Il y a des phrases qui paraissent innocentes dites comme ça, mais qui pourraient déclencher des guerres nucléaires. Celle-ci, par exemple :
- Chérie, franchement, ta voiture… c’est une vraie poubelle.
- Oui, c’est vrai, elle est un peu sale.
- Un peu sale ? il y a des bouteilles d’eau vides, des papiers partout, un doudou décapité… Tu pourrais quand même la faire nettoyer, non ?
- Je n’ai vraiment pas le temps.
- Pas le temps ? Mais tu fais quoi de tes journées ?
Erreur fatale. L’homme ne le sait pas encore, mais il vient d’ouvrir la porte d’un enfer pavé de post-it, de rendez-vous médicaux, et de lessives jamais pliées.
- Très bien, dit-elle d’un ton d’une douceur glaçante. On échange nos journées demain. Toi, tu prends ma vie. Moi, je prends la tienne.
Il accepte bien sûr, confiant, un peu naïf, persuadé qu’elle exagère le poids de ses tâches (comme toujours).
Spoiler Alert : il va regretter. Amèrement.
Jour 1 : la chute du héros
Il est 6 h 30. Les enfants hurlent. Il cherche des chaussettes (disparues dans une autre dimension).

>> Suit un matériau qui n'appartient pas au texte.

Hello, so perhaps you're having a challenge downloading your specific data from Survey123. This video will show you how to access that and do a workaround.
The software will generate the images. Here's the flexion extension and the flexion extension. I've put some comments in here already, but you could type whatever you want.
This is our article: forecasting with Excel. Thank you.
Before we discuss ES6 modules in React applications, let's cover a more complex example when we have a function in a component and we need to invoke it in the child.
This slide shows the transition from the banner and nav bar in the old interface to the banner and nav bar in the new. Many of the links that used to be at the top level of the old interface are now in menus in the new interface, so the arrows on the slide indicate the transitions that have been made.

Il prépare le petit-déj, découvre qu’il n’y a plus de lait, tente une improvisation au yaourt, échec critique. La plus petite pleure, le grand boude, et lui, il a déjà envie de s’enfuir.
Il est 9:00. Il arrive en retard au boulot, déjà lessivé. Mail du prof de danse : « N’oubliez pas le costume pour demain ». Mail du pédiatre : « Rendez-vous à confirmer ». Mail de la cantine : « Dernier rappel avant suspension du compte ».

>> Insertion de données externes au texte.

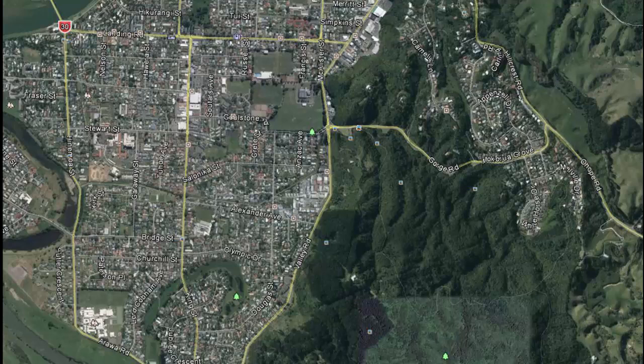An example of how invertebrate communities change with differing habitat quality and water quality can be found in the Waianuita Stream. This stream commences up in the headwaters through native bush and flows down through urban areas. Three sites were investigated: an upper site surrounded in native bush, a middle site at the beginning of the urban part of Whakatane, and a lower site deep in the urban area. By examining the invertebrate communities in each of these three sites, we can see how stream health changes down the stream.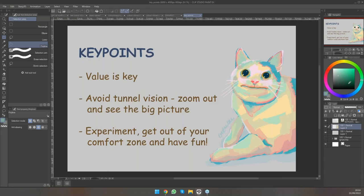In summary, the key points are: values are fundamental — practice them with the exercises I mentioned. Avoid tunnel vision by zooming out and seeing the big picture; use the navigation menu in Clip Studio Paint to check if you can still understand what's going on at a small scale. Experiment and get out of your comfort zone. Try different colors, look at other artists who inspire you, observe what they do, and try to break down the effect you really like — whether it's the relationship between colors or how they place things.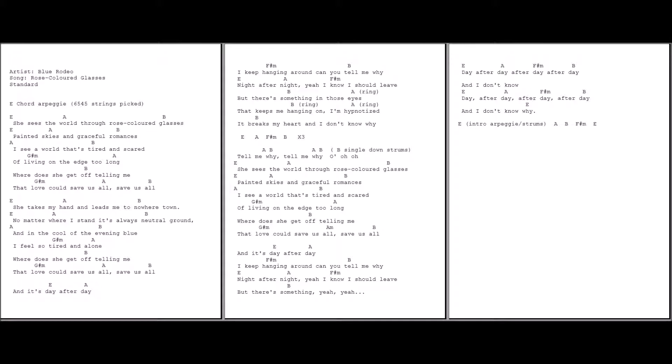She takes my way to linger to the nosy town. No matter where I stand the door waits and turns around. In the cool of evening blue I feel so tired and alone. Where does she get off telling me that love could save us all? Save us all, save us all.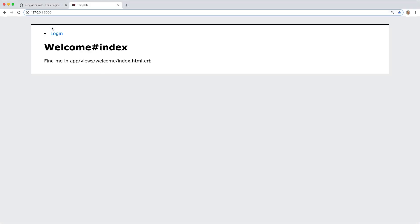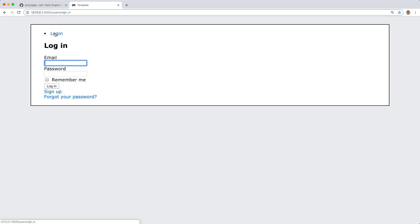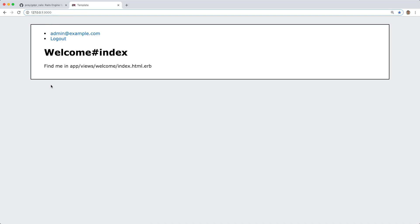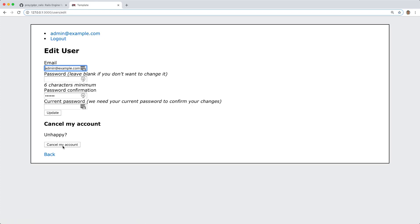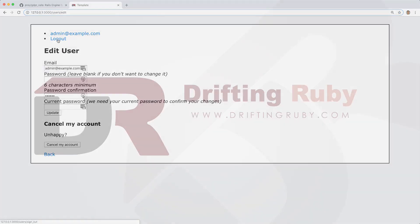To start off our application, we're going to use a very basic Devise setup. We have our login where we can log into an existing account or we can sign up. And if we log in, it just takes us back to our main page where we can then go to our account or we can log out.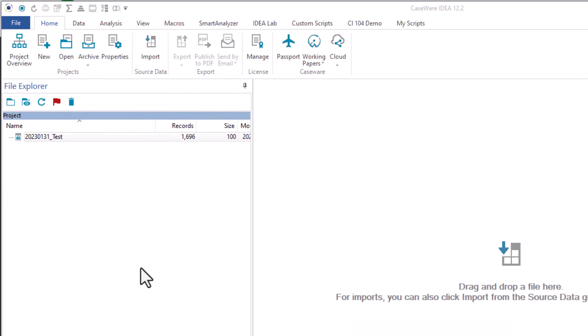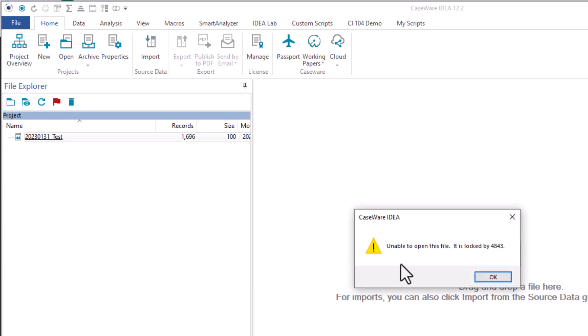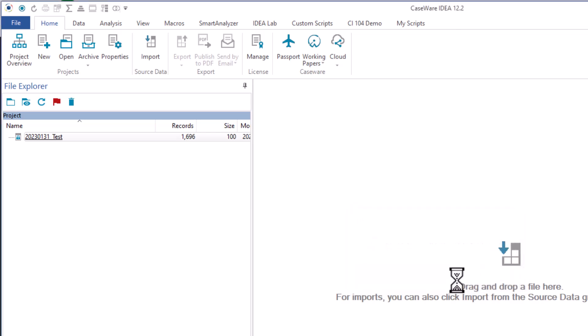go in to open it up in IDEA, if you double click on it, it'll give you an error saying unable to open this file. What this means is when the person copied the file from their system, it was still open by IDEA, so it's still locked by IDEA.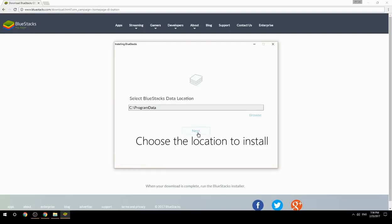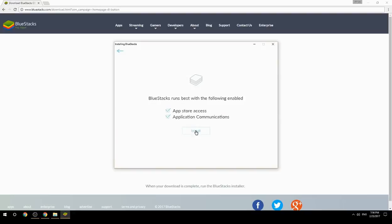Choose the location to install. Click install to begin the installation.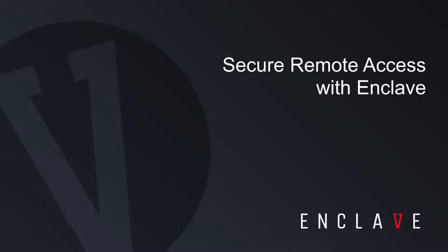Hi, I'm Lara from Enclave Networks, and in this brief video I'm going to show you how you can use Enclave to securely access a remote server from your home office without opening any firewall ports, deploying a VPN server, or otherwise modifying your home or remote network in any way.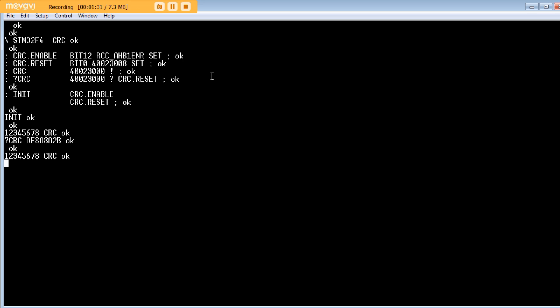Now, we could actually put in the checksum CRC. Now, if we look at the checksum for that, it should be zero if it's correct. And we get zero. So, that means that checked out okay.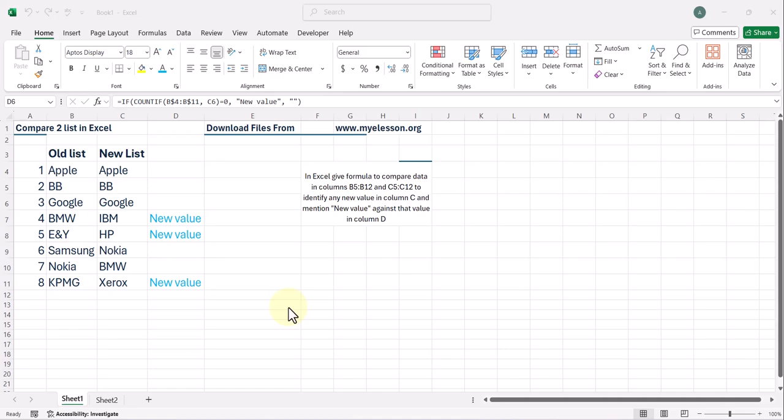Hello and welcome to my e-lesson where we learn to use Excel with AI. Now, using AI and Excel, we will learn today how to compare two lists in Excel to find out if any new value has been added in the new list.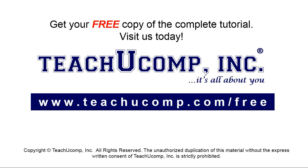Get your free copy of the complete tutorial at www.teachyoucomp.com forward slash free.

Son cerveau bugge. Il a envie de taper sur quelque chose. Il commence à comprendre pourquoi sa femme a toujours cette lueur vide dans les yeux quand il lui demande pourquoi elle est tout le temps fatiguée.
Il est 11h30. Il reçoit un SMS : « On n’a plus de papier toilette ». Il ajoute « faire les courses » à sa to-do list, qui fait maintenant la taille de l’autoroute Tunis-Hammamet. Il rêve de son bureau, de sa machine à café, de ses collègues qui parlent d’Excel sans hurler.
Il est 15h00. Appel de l’école : « Votre fils a oublié son livre. Il faut absolument qu’il l’ait pour le travail d’aujourd’hui ». Il va à la maison, récupère le livre, l’emmène à l’école et repart au boulot où une tonne de dossiers et un chef passablement énervé l’attendent.
19h00. Il rentre. Enfin ! Il croit que c’est fini, mais que nenni. Il reste encore le dîner, les devoirs, le bain, le linge à laver et à étendre, l’anniversaire de belle-maman à ne pas oublier.
Il est officiellement en PLS (position latérale de sécurité dans laquelle mettre une personne inconsciente).
Pendant ce temps, madame…
Elle a vécu sa journée à lui : Café tranquille, petite réunion, déjeuner avec des collègues adultes (des gens qui ne renversent pas leur jus sur la table, c’est exotique), un peu de stress professionnel, mais le bon genre, celui qui flatte l’égo. Et le soir ? Un bon film, dîner prêt et paix intérieure.
Elle respire la sérénité. Lui a les cheveux ébouriffés, l’œil vide et la voix tremblante.
Toujours avec la même douceur impitoyable, elle demande :
- Alors ? Toujours envie de parler de ma voiture ?
- Qu’est-ce qu’elle a ta voiture ? Elle est très bien, ta voiture
Morale de l’histoire : Derrière chaque voiture « dégueulasse », il y a une femme qui fait tourner le monde, des rendez-vous, des repas, des lessives, des émotions, des anniversaires et une liste mentale longue comme un roman russe.
Alors, messieurs, la prochaine fois que vous voyez un doudou éventré traîner sur le siège arrière entre des kleenex usagés et une cannette vide, remerciez-la.
Elle n’a peut-être pas le temps de laver sa voiture, mais c’est elle qui fait tourner la vôtre.